La pianta di Quercius spinosa, “badduta” nel nostro dialetto, unitamente a mortella, lentisco, timo, biancospino – “spinapuci”, palma nana – “giummara”, asparago e nepitella, formavano una vasta zona di macchia mediterranea lungo la fascia costiera del nostro territorio ed offrivano un unicum di biodiversità, che fungeva anche da rifugio a diverse specie di animali selvatici, ospitando una moltitudine di insetti utili. Tale habitat sprigionava intriganti odori, specialmente in fioritura, e creava cangianti tinte di colori di fantasmagorica bellezza, come solo madre natura può creare nel suo esclusivo atelier. 

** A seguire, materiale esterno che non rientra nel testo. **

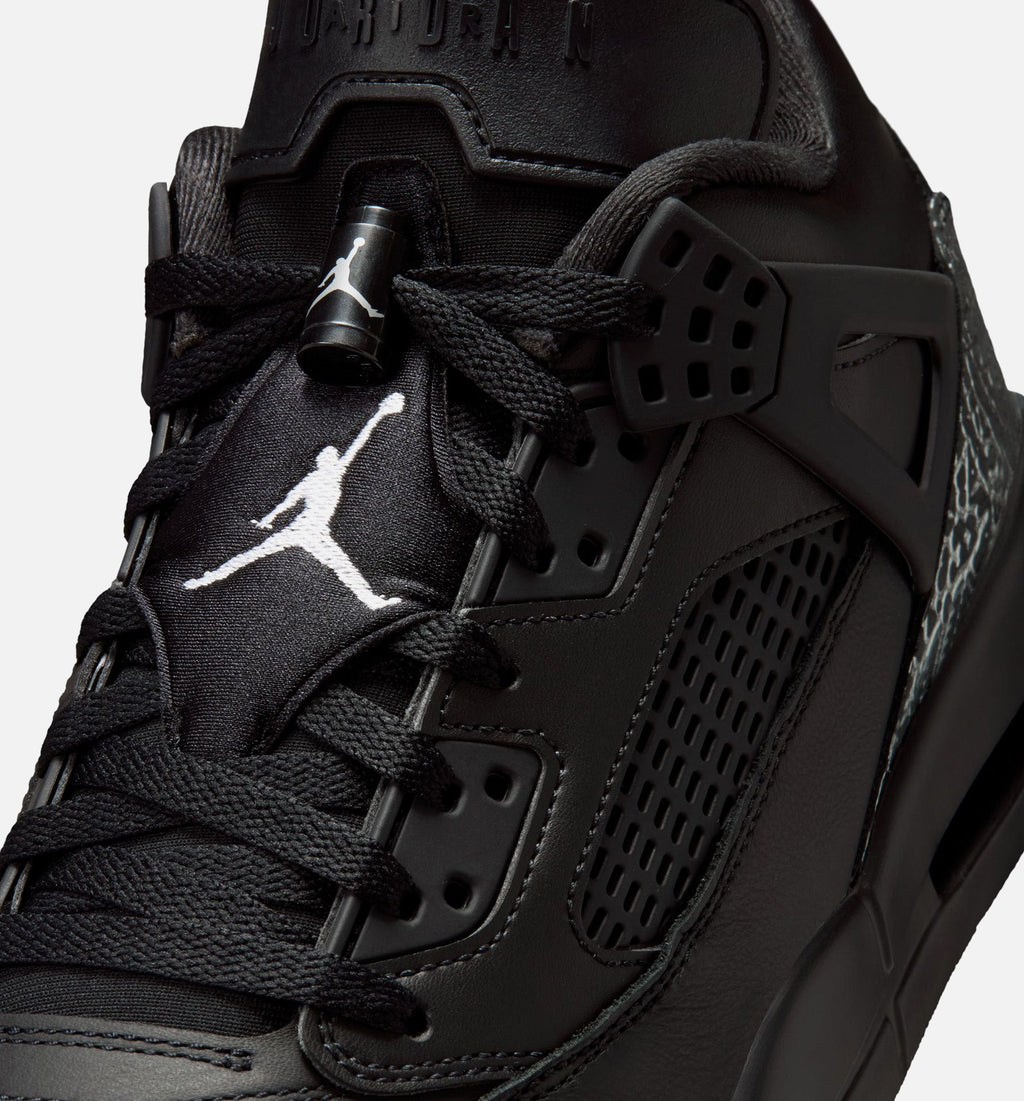 Spizike Low Men's Basketball Shoes - Black & Metallic Silver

Da tempo, tutto questo ha lasciato spazio a una pianta donata da Atena ai Greci, l’ulivo, che domina la scena a perdita d’occhio, creando una incontrastata monocoltura e un paesaggio monocromatico. Tale tipologia di produzione agricola, sicuramente remunerativa, impegnando i nostri agricoltori in pratiche innovative e intensive, ricorre all’impiego di fitofarmaci in modo sconsiderato, non mirato e a calendario e fa uso massivo di erbicidi al glifosato che avvelenano aria e suolo, arrecando in tal modo grave danno e degrado all’ecosistema. A causa di ciò, oggi, nei campi non volano più le bottinatrici, ora frequentano balconi fioriti e ville cittadine; i bombi non covano più le loro uova, hanno perso il loro ambiente naturale; l’ospitone non depone più le uova sulla ferula; la presenza della lucertola muraiola è in netto declino e i ramarri sono quasi estinti. 

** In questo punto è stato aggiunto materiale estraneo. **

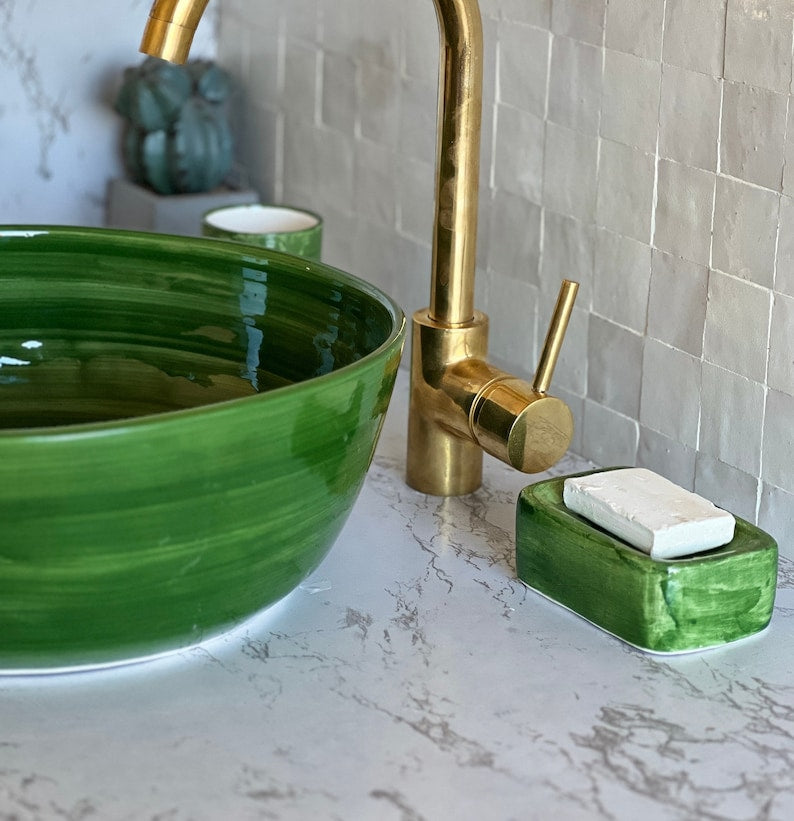 Handmade Moroccan Ceramic Sink #46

Delle piante, che formavano la meravigliosa macchia mediterranea, oggi se ne contano Rari Esemplari, relegati in piccole e circoscritte zone, come la pietraia di Contrada Campana-Porcheria e Macchia del Lupo, nonché all’interno del Parco delle Cave di Cusa. Del biancospino, una volta abbondantemente presente, dal cui duro legno “mastru Jacu Turtuluni” – Giacomo Lentini – ricavava una grande varietà di trottole – “strummali” – da noi picciotti usate in interminabili partite, se ne conta un esemplare addossato a un vecchio casello delle FF.SS in contrada Buttafuoco. La pianta dal pelosetto stelo, adornato da verdi e brillanti foglie di papavero, “Papaver rhoeas”, mitologicamente legata a Morfeo, dalla cui sommità nasceva un’inflorescenza, da noi detta spaparinata, dai larghi petali rossi con un cuore nero, non vegeta in campo largo perché se ne possono ammirare rari esemplari vicino a muretti o a casolari diroccati.  

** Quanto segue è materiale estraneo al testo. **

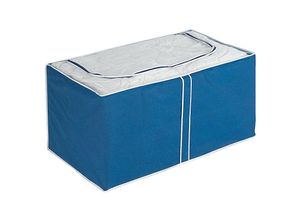 4008838655665 - Jumbo Box Air Kleider Box Schutz Hülle Staub Kleidung Textil Aufbewahrung - blau - Wenko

Molti di questi doni di Madre Natura oggi non ci sono più, sebbene in passato abbiano rivestito un ruolo di grande importanza, contribuendo talvolta anche alla sopravvivenza, come è successo nel caso della “badduta”. Le persone più longeve, infatti, ricordano ancora i tempi bui e tristi attraversati durante l’ultimo evento bellico, che fame e lutti ha portato all’italica gente, quando si moriva per spari di quel moschetto che rimava con fascista (im)perfetto e per le bombe che cadevano dal cielo. La vita era a rischio anche per procurarsi qualche “munneddu” di farina di grano e/o di orzo che, miscelata con quella ricavata dalle ghiande – “agghiannari” – della badduta, essiccate in forno e triturate con la pietra di mola, serviva a impastare un pane che tante bocche innocenti ha sfamato.  

Nella ricorrenza del 22 maggio, giornata della biodiversità, ricordiamoci di tutelare la straordinaria varietà di forme di vita del Pianeta Blu, conserviamo la nostra casa, la nostra vita e quella di quelli che verranno.